Cada 14 de enero, desde 1856, la Divina Pastora, guía espiritual de los larenses, se abre paso en la ciudad, para recordarnos que sólo la fe salva y que sin ella somos un cascarón vacío, un cuerpo desprovisto de amor y esperanza.
Desde hace 159 años, los habitantes de Santa Rosa, comarca fundada con indios gayones traídos desde Araure, se sobrecogen de nostalgia al ver partir a la Virgen, en procesión; y, de este otro lado se colma de regocijo una muchedumbre que, en incontenible muestra de fervor, la acompaña en su místico camino hacia la Catedral.
Serena y generosa Pastora de Almas, a su imagen sagrada se dirigen las miradas risueñas, por ella resuenan en íntimo alborozo tantos corazones agradecidos, ante cada don que concede. Pero también suspiran y claman en grito desesperado todos aquellos que se ven azotados por la tribulación, el dolor, los pobres en espíritu, los que en su humildad se acercan a su gloria y se bañan en ella. En su manto encuentran consuelo y redención quienes lloran, conforme a las bienaventuranzas predicadas por Jesús a sus discípulos, en el célebre Sermón de la Montaña.
En un país que no acaba de ser edificado sobre bases sólidas, que, época tras época, presenta instituciones condenadas a lucir inconclusas, improvisadas, siempre abundarán las razones para aguardar con ansiedad que la Divina Pastora derrame sobre todos el bálsamo de su misericordia. No es la excepción esta vez.
La nación está posada, ahora, sobre una enorme incógnita. Nos acosa una irrespirable incertidumbre.
Nadie sabe qué futuro nos espera. En las altas esferas la corrupción se pavonea con el resplandor de riquezas malhabidas, nos restriega en la cara su eterna y grosera bonanza, mientras el pueblo de a pie agota días enteros, con sus madrugadas e intemperies, en colas infames, animado por las ansias de asegurarse la ración aprobada de pañales, jabón, el gas doméstico, los alimentos. La calidad de vida se ha deteriorado en extremos agónicos, con servicios públicos que son una verdadera calamidad. Es más, el valor de la propia vida, apostada en los detestables casinos de la violencia, arrebatada a sangre fría en cualquier esquina con la excusa más fútil, o sin ella, por el sólo placer de matar, es una amenaza que nos va pisando los talones, hasta arrinconarnos en la más absoluta indefensión.

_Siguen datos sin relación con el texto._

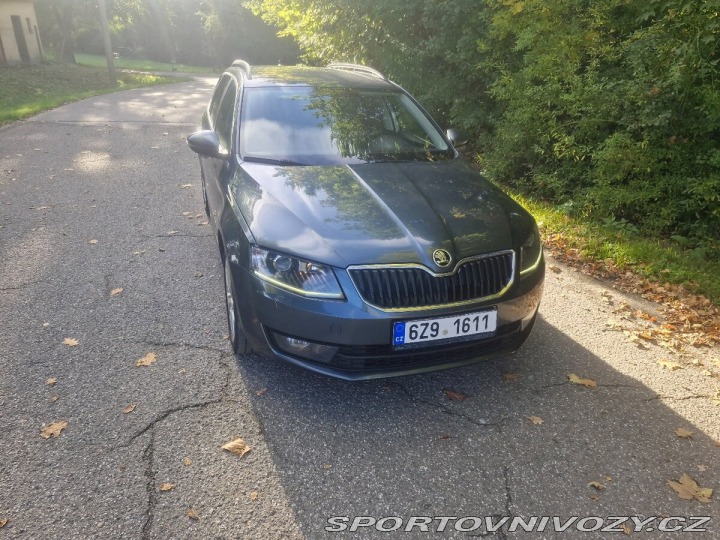 Škoda Ostatní modely Octavia 2,0 3 2016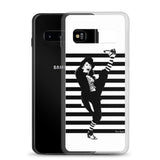 Toni Kicking Samsung Case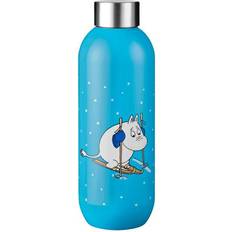 Stelton Gourdes Stelton Bouteille Thermos Keep Cool Moomin 0,6 l Gourde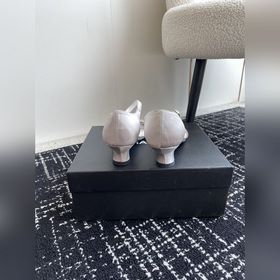 Услуги покупке товаров CHANEL 24ss Сандалии с одной ремелькой Ос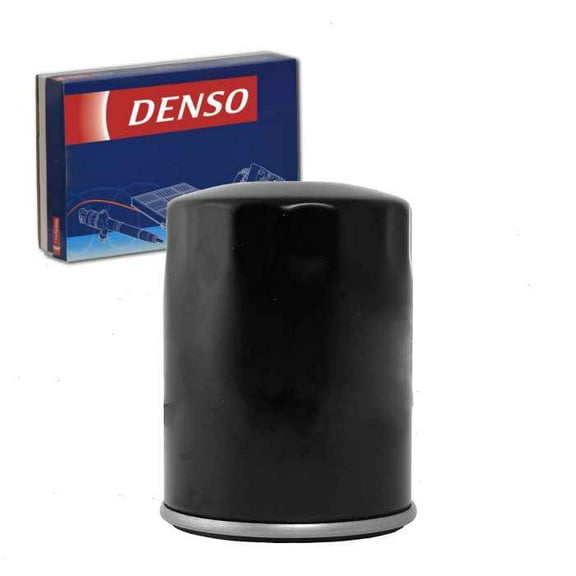DENSO Engine Oil Filter compatible with Ford Transit-350 3.2L 3.5L 3.7L L5 V6 2015-2018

Derrama, Madre, sobre las cabezas de todos, sin excepción, el perfume de tu amor infinito. Haz que valoremos la vida que el Creador nos ha dado, y sólo a Él pertenece. Reconcílianos con la palabra, con la oración, con la fe. Destierra de entre estos y aquellos la cultura de la muerte, el pregón del odio, esta siniestra ideología del cinismo, la ciega división y el no reconocimiento del otro. Inaugura los esplendores de la reconciliación, la siembra en tierra fértil de los valores de la piedad y el perdón. Infúndele modestia y sensatez al poderoso y entendimiento y dignidad al débil, para que los primeros encuentren sujeción y límites a sus ultrajes, y los últimos logren, al fin, librarse de sus cadenas y opresiones.
Nosotros, desde aquí, abrimos nuestras páginas centenarias, límpidas, a la espera de recibir tu bendición. A ti, Madre, te imploramos hace un año que nos concedieras la gracia de sostener en pie esta casa, donde también moras tú. El milagro se hizo. Por ello ha sido posible ofrecerles a los lectores este miércoles 14, en ocasión de la procesión número 159, un cuerpo especial, en el cual podrá encontrarse un valioso material de consulta e información, acerca de esta conmovedora expresión de devoción mariana. Es un trabajo que, a título de ofrenda, ha sido preparado con cariño y esmero por el cuerpo de periodistas de este diario.
En nombre de todos, Madre, te damos la bienvenida. Tu presencia hace palpitar de júbilo nuestros corazones.